Fundamentando-se no pensamento foucaultiano, Aquino (2000) estuda as conexões da interação na construção do sentido, voltando-se para o campo do ensino como matriz de análise. A instância da linguagem, nesse processo, apresenta-se como suporte verdadeiramente eficaz para o sujeito, funcionando como prática discursiva que invoca a construção de sentidos. Tais práticas discursivas (pedagógica, étnica, histórica, política, afetiva, textual, lingüística, etc.) são fundidas no processo de ensino-aprendizagem que envolve um ter conhecimento para saber usar o conhecimento. Esses saberes atuam na formação de sujeitos para que exerçam micropoderes em atitudes não-submissa de interação (Aquino, 2000, p. 12).
Apoiada nas “novas regras do método sociológico”, de Giddens, a autora direciona o olhar para três categorias elementares da interação: o significante, a ordem e o poder. O primeiro estabelecido pelo contato simultâneo ou mútuo que ordena uma intenção comunicativa; o segundo diz respeito à intencionalidade de vigência atualizada dos direitos e deveres sociais; e o poder como capacidade de intervenção e transformação social. Com Foucault, a autora discute a questão do poder como algo perspicaz, cuja penetrabilidade é dada na esfera da própria interação quando engrena relações de imposições e aceites, pela vigência sutil dos micropoderes. Neste momento, "a interação é uma ação discursiva exercida por sujeitos posicionados em relação de poder, que se propõem construir o sentido" (Aquino, 2000, p. 14). Esta visão, na concepção foucaultiana, é fundada na premissa de que a interação-poder constrói sentidos e que a relação de produção da informação e do conhecimento incentiva o sujeito para a construção de sentidos.

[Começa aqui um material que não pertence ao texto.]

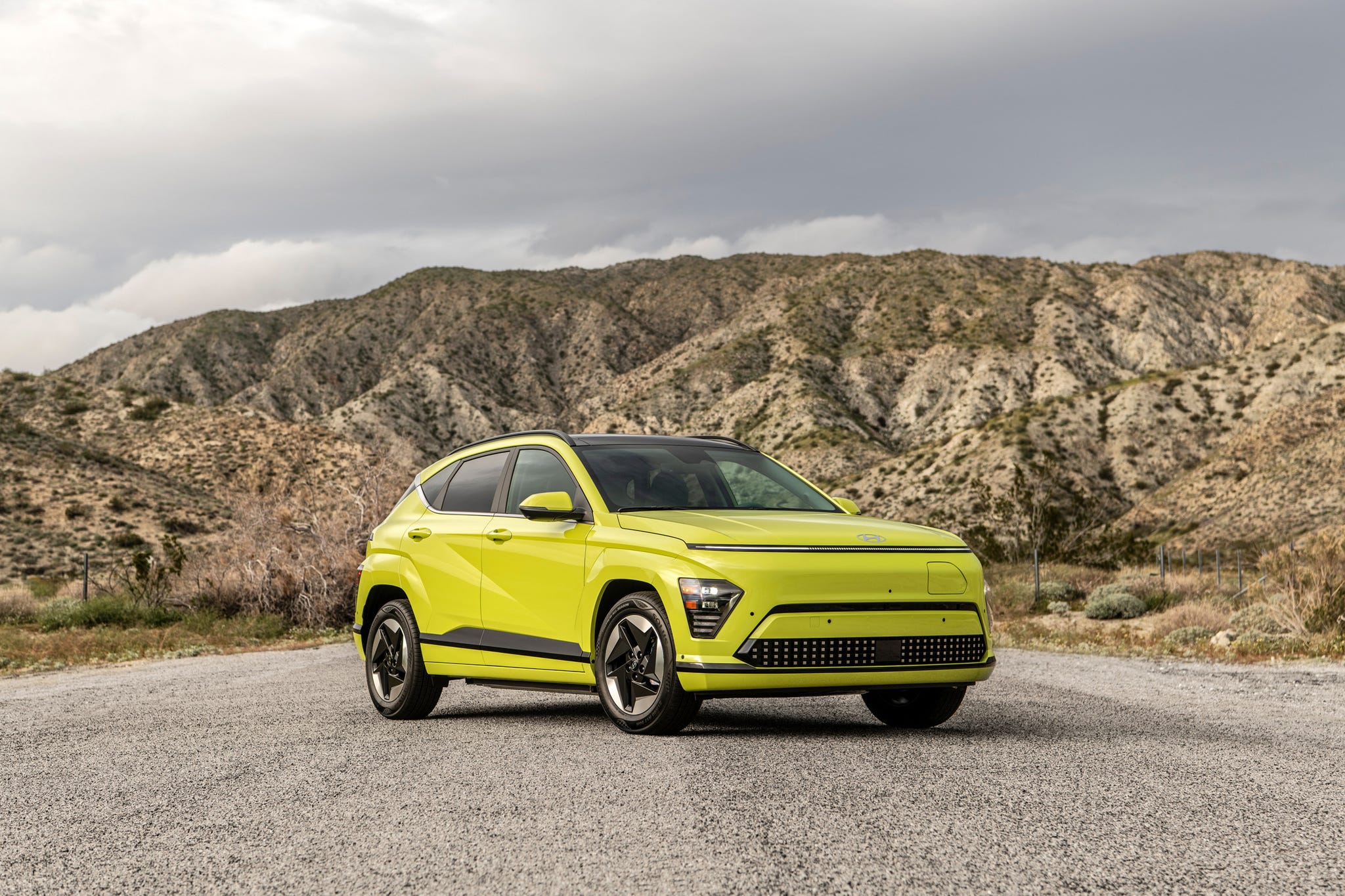 2025 Hyundai Kona Electric Review, Pricing, and Specs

Atualmente, no cenário da educação formal brasileira, o discurso televisual está entre os sujeitos do saber e do poder em sala de aula, voltando-se para o ensino fundamental. Essas novas práticas informativo-educacionais poderão remodelar a dinâmica da ação pedagógica, ampliando a competência dos sujeitos entre o saber e o poder.

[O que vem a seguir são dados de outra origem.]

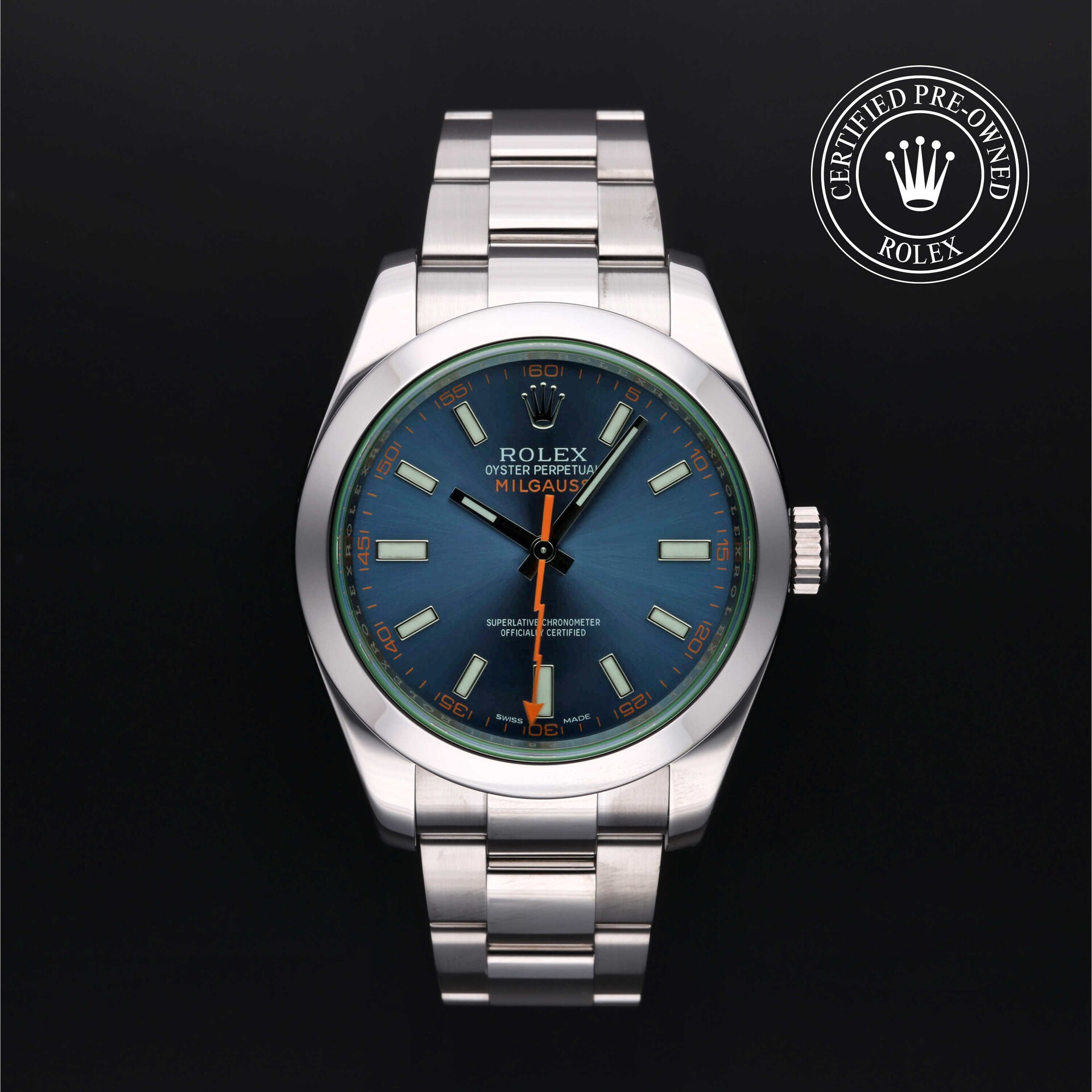 Milgauss image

A televisão ainda é um objeto informacional estático defendendo um discurso de caráter autoritário. Entretanto, com as metamorfoses ocorridas no mundo nos últimos anos, onde fronteiras são quebradas pelo movimento da informação, não será difícil para o indivíduo quebrar a vigência da interação enquanto jogo de permuta interpessoal, conquistando a televisão para uma ação dialógica ou para a democratização dos sentidos.
O campo televisual ainda se baseia na circunstância de um dizer uno em que a interação é marcada por um nódulo que assume o papel de causar (con)fusão entre o dito institucionalizado e os sujeitos-leitores. Porém, mesmo diante das manobras de construção de sentido da tevê, o professor e o educativo encontra novos modos de um ensino-aprendizagem calcado no estabelecimento de uma leitura eletrônica mais dinâmica e interativa.

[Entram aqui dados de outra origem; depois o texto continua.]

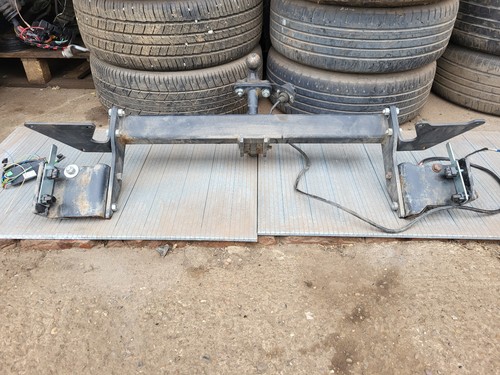 Jeep cherokee tow bar - cherokee, towbar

Para Aquino (2000, p. 19) "a interação é uma relação de forças que age sobre outras forças, constituindo relações de poder que se dinamizam em plena atividade como a própria força". Se assim o for, as informações obtidas a partir da leitura eletrônica são induzidas para um processo de significação resultante, tendo em vista que a indução é o primeiro nível de interação e envolve uma ação recíproca dos interlocutores. É evidente que este acontecimento só será real se o professor puder centralizar-se (por formação competente) enquanto agente mobilizador de ação e reação face à construção de sentidos permeados pela efetivação dialógica, em busca da consciência crítica.
Concordo com Spink e Medrado (1999) quando afirmam que a mídia poderá reestruturar os espaços de interação, principalmente quando direciona seus dizeres para o ensino fundamental. Paralelo a isto, o pensamento de Aquino (2000) torna-se imprescindível para que entendamos o processo de interação enquanto jogo de poderes inerentes à prática escolar e social. Contudo, é necessário trabalhar em sala de aula a partir do discurso televisivo (da publicidade, novelas, telejornais, etc.) traçando objetivos didático-metodológicos que contemplem a leitura eletrônica como forma de alfabetização digital, fundamentando a interpretação do discurso.
Talvez uma das mais urgentes necessidades de trabalhar a leitura voltada para o campo televisual, seja confrontar, analiticamente, o sentido dos sentidos de verdade e não-verdade. Digo que o sistema precisa do real enquanto zona de tensão para que o discurso de um real construído em textos eletrônicos sejam "racionalmente" incorporados enquanto verdade que de mostra verdadeira. Esta averiguação remonta desde os poetas gregos do século VI que incorporavam o discurso verdadeiro como aquele instituído pelo pronunciamento daqueles que alinhavam o direito do dizer com o sentido de justiça, sabedoria, profetização do futuro, conforme ritualização discursivo-social estabelecida. Para Foucault (1999, p. 17), "essa vontade de verdade, como os outros sistemas de exclusão, apoia-se sobre um suporte institucional: é ao mesmo tempo reforçada e reconduzida por todo um conjunto de práticas como a pedagogia, é claro, como o sistema dos livros, da edição, das bibliotecas, como as sociedades dos sábios outrora, os laboratórios hoje".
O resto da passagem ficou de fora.